More than 160 unique missense variants in G6PD have been identified to cause G6PD deficiency, although their effects on G6PD biochemistry and disease phenotype vary widely (Luzzatto, 2006). In an attempt to address the biochemical, clinical, and genetic heterogeneity of G6PD deficiency, the World Health Organization (WHO) stratified patients with G6PD deficiency into four classes based on clinical presentation and G6PD activity in patient blood samples: Class I (<10% activity and CNSHA), II (<10% activity and hemolytic episodes), III (10–60% activity and hemolytic episodes), and IV (60–150% activity and no clinical manifestations) (Luzzatto, 2006; Organization, 1967). However, these classifications are often determined via measurement of G6PD activity in the blood of single subjects, and are possibly influenced by additional genetic, temporal, and environmental factors (Minucci et al., 2009; von Seidlein et al., 2013).

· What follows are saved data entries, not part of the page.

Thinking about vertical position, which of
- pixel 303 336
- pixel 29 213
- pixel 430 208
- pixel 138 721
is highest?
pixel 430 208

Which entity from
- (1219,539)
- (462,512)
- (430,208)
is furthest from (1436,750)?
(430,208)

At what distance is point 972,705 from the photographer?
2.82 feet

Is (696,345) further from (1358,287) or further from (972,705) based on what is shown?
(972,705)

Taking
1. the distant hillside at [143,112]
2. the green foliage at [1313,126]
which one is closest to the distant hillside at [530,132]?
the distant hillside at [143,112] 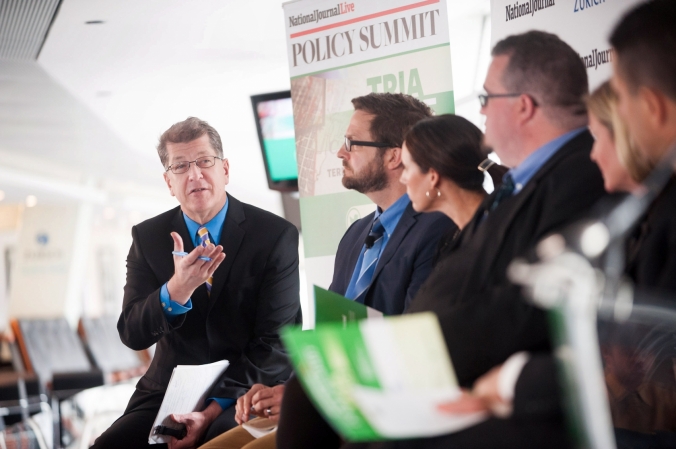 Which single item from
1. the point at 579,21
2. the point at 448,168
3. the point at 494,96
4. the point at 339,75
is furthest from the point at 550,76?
the point at 339,75

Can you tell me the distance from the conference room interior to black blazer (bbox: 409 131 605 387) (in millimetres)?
59

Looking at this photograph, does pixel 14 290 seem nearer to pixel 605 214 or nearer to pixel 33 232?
pixel 33 232

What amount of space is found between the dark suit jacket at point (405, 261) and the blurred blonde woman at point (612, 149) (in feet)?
2.83

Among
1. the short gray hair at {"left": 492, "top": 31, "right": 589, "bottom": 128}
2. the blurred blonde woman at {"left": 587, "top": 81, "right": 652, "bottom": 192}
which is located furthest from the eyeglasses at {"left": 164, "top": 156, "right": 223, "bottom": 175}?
the blurred blonde woman at {"left": 587, "top": 81, "right": 652, "bottom": 192}

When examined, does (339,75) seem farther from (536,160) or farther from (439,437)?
(439,437)

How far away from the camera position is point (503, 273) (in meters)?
1.33

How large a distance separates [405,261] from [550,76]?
81cm

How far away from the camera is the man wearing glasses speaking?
8.81 feet

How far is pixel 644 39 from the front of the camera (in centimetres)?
118

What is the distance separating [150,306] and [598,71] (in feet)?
6.41

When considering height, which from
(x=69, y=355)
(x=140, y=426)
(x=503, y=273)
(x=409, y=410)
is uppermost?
(x=503, y=273)

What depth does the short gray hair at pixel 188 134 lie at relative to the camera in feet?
10.3

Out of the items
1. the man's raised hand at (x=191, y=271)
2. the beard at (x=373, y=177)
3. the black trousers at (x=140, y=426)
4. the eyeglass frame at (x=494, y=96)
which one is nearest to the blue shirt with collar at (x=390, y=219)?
the beard at (x=373, y=177)

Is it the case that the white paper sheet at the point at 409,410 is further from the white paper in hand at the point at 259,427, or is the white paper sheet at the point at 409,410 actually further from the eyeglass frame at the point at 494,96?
the white paper in hand at the point at 259,427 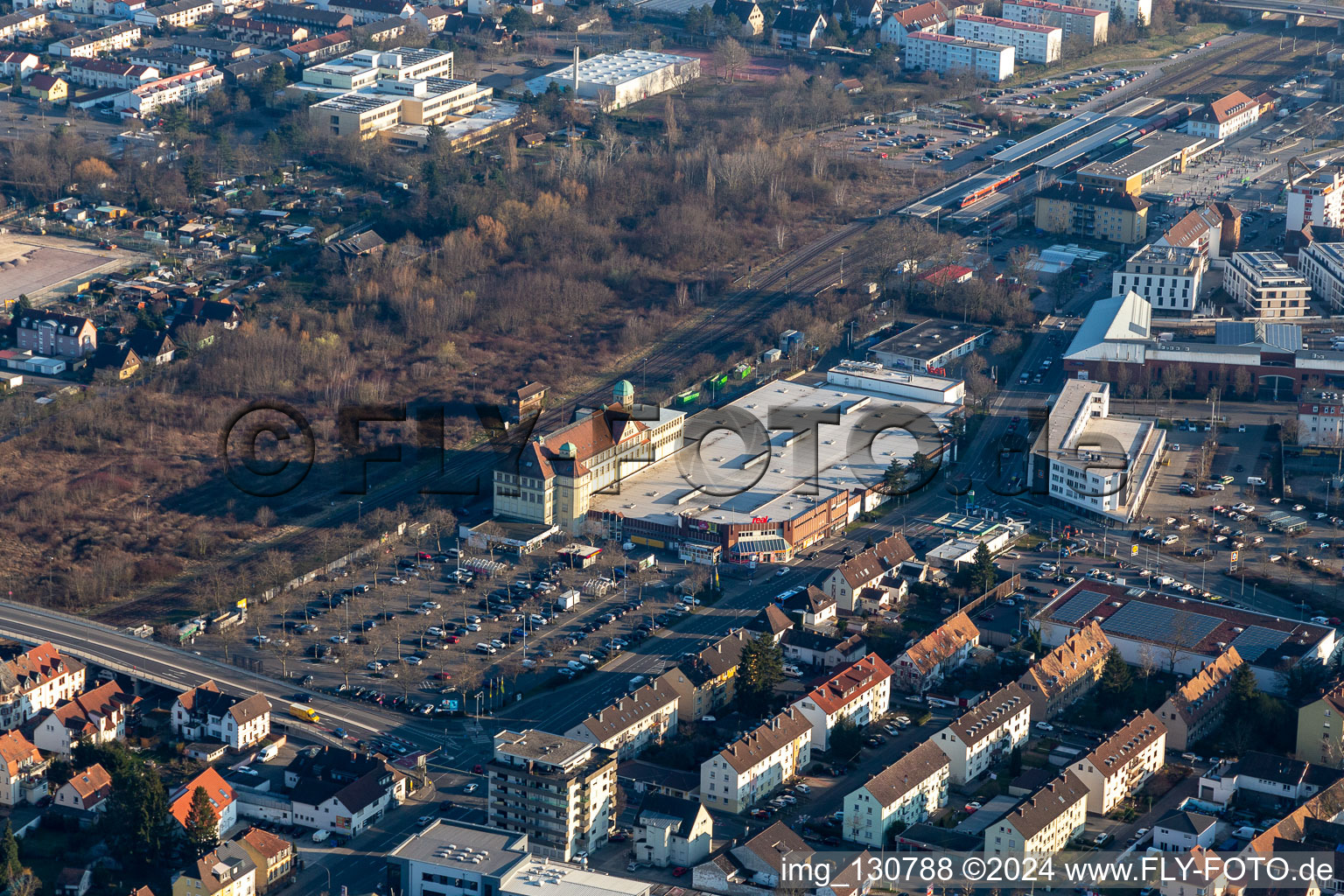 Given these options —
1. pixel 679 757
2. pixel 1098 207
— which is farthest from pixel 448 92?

The diverse clinical presentation of G6PD deficiency motivates an equally diverse understanding of the molecular effects of G6PD variants. However, the molecular mechanisms of pathological G6PD variants remain largely unknown. Biochemical characterization of G6PD variants has revealed that pathogenic variants exhibit a range of complex multidimensional effects, including changes in kinetic activity, thermostability, and protein folding (Boonyuen et al., 2016; Gómez-Manzo et al., 2015; Gómez-Manzo et al., 2016; Gómez-Manzo et al., 2014; Huang et al., 2008; Wang and Engel, 2009; Wang et al., 2005, 2006). Crystal structures of human G6PD (Au et al., 2000; Kotaka et al., 2005) identified a dimeric or tetrameric enzyme with two bound NADP+ molecules per subunit: one in the catalytic site, and another in an allosteric site, named the structural NADP+ for its importance in the thermostability and long-term stability of G6PD (Wang et al., 2008). Class I variants often fall near the structural NADP+ site and exhibit decreased thermostability, suggesting that CNSHA associated with G6PD deficiency may result from G6PD instability and subsequent depletion of G6PD in red blood cells (Gómez-Manzo et al., 2014; Wang and Engel, 2009). However, class I variants are also found in many other structural regions of G6PD, and the relationship between the structural or biochemical effects of a G6PD variant and its clinical phenotype remains poorly understood.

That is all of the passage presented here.